Activity: Each line of the data must be given back verbatim, with pictures removed.

Supplied information:
+ + + + +

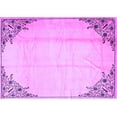 thumbnail image 1 of Ahgly Company Indoor Rectangle Persian Purple Traditional Area Rugs, 8' x 12', 1 of 4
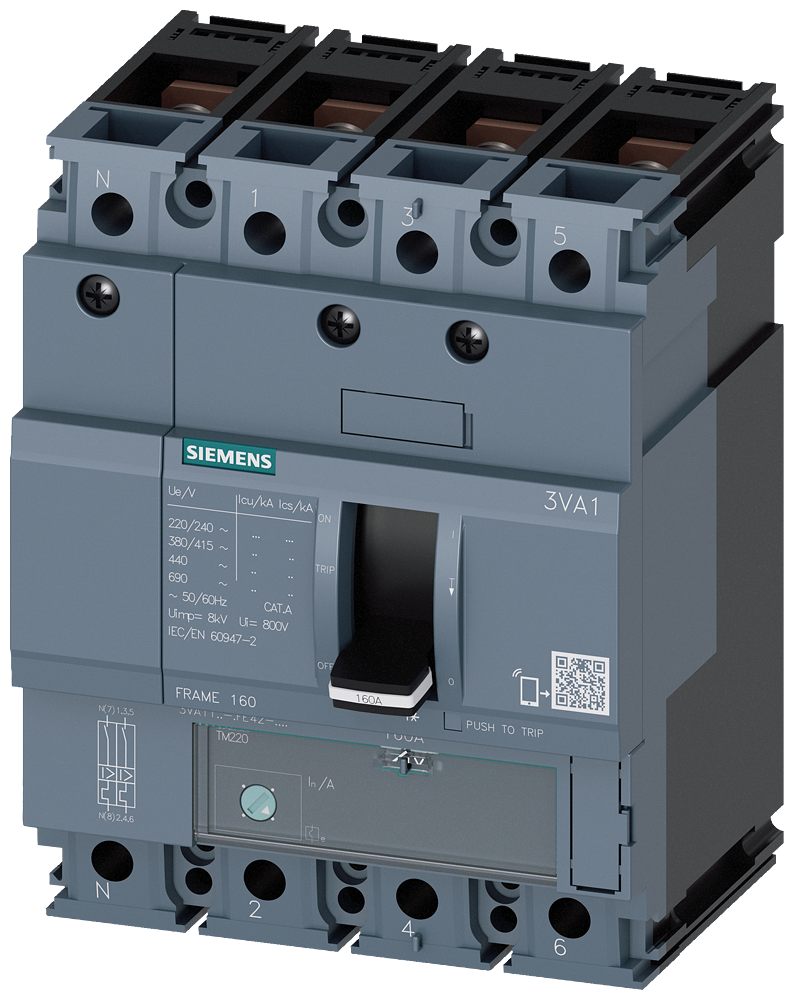 SENTRON 3VA MCCB, Thermal Magnetic Trip Unit - 3VA1450-5GE42-0AA0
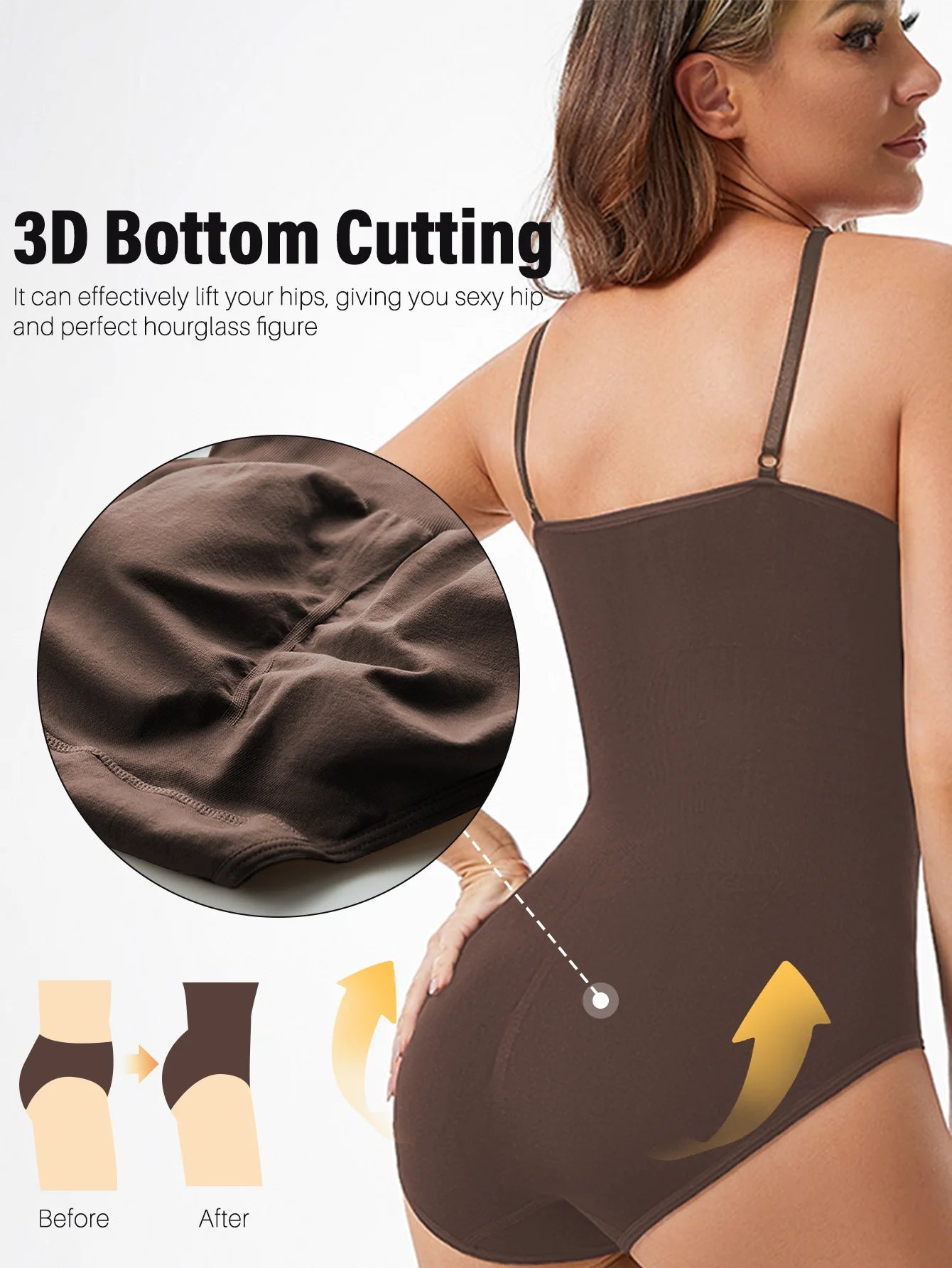 Seamless Slimming Butt Lifter Bodysuit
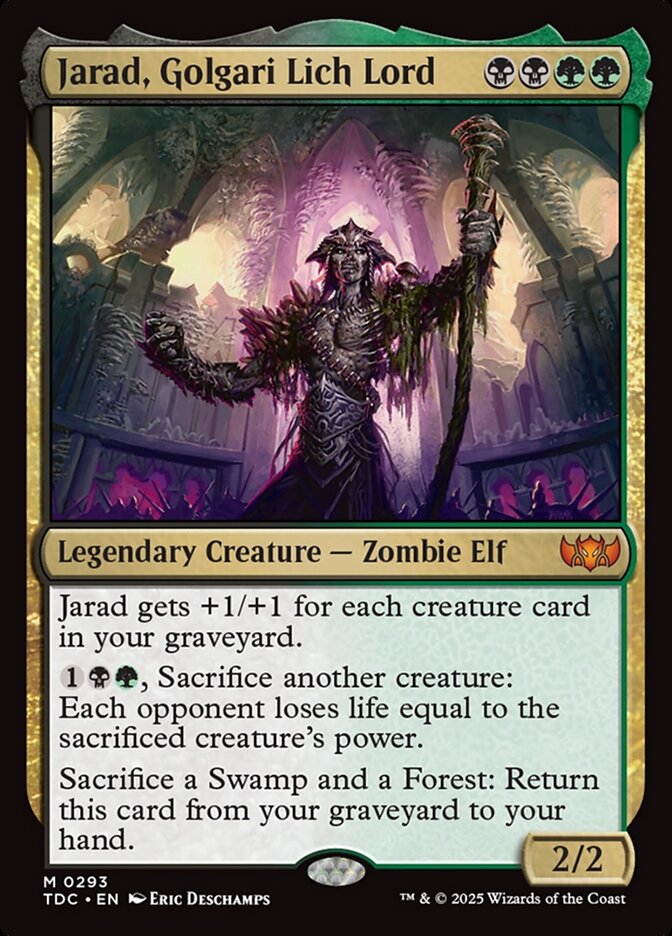Jarad, Golgari Lich Lord 293 (Commander: Tarkir: Dragonstorm)  | Good Games Modbury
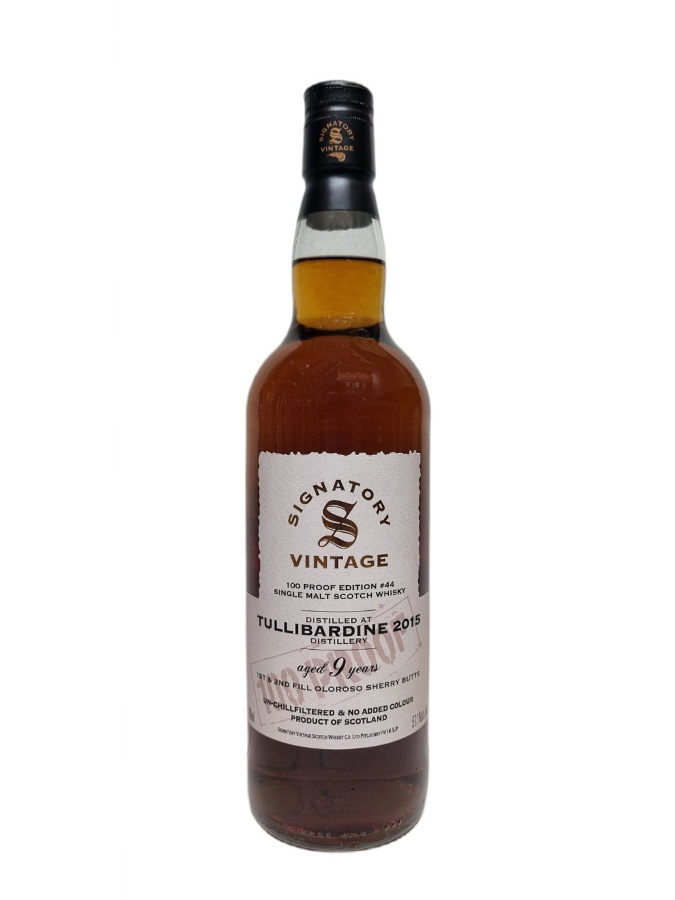 TULLIBARDINE 9 ans 2015 1st & 2nd Fill Oloroso Sherry 100 Proof - visuel secondaire - Single malt écossais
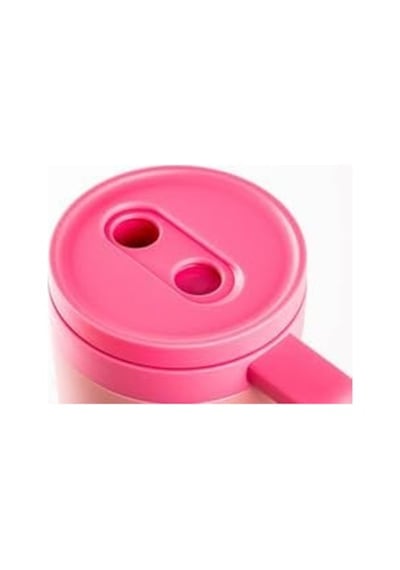 Pembe Pipetli Paslanmaz Çelik Termos Bardak 1.2l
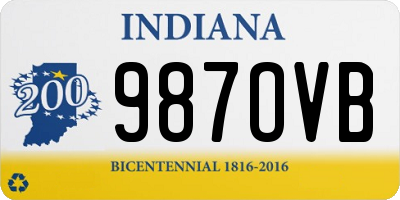 IN license plate 987OVB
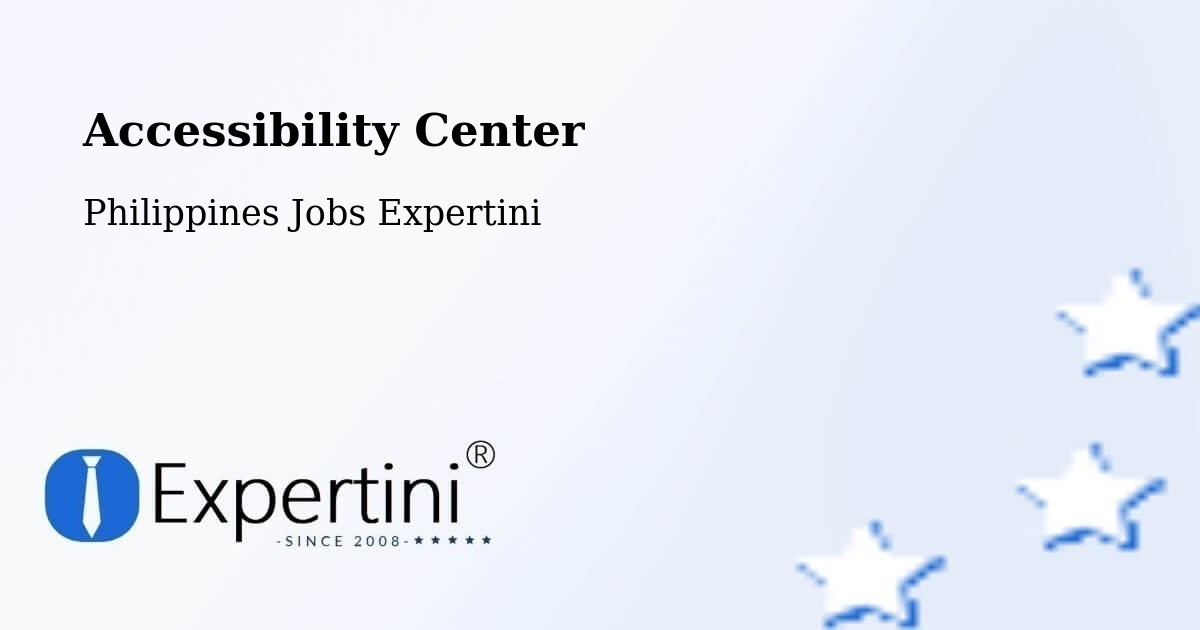 Accessibility Statement – Taguisa - Philippines Jobs Expertini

+ + + + +

Response:
 thumbnail image 1 of Ahgly Company Indoor Rectangle Persian Purple Traditional Area Rugs, 8' x 12', 1 of 4
 SENTRON 3VA MCCB, Thermal Magnetic Trip Unit - 3VA1450-5GE42-0AA0
 Seamless Slimming Butt Lifter Bodysuit
Jarad, Golgari Lich Lord 293 (Commander: Tarkir: Dragonstorm)  | Good Games Modbury
 TULLIBARDINE 9 ans 2015 1st & 2nd Fill Oloroso Sherry 100 Proof - visuel secondaire - Single malt écossais
 Pembe Pipetli Paslanmaz Çelik Termos Bardak 1.2l
 IN license plate 987OVB
 Accessibility Statement – Taguisa - Philippines Jobs Expertini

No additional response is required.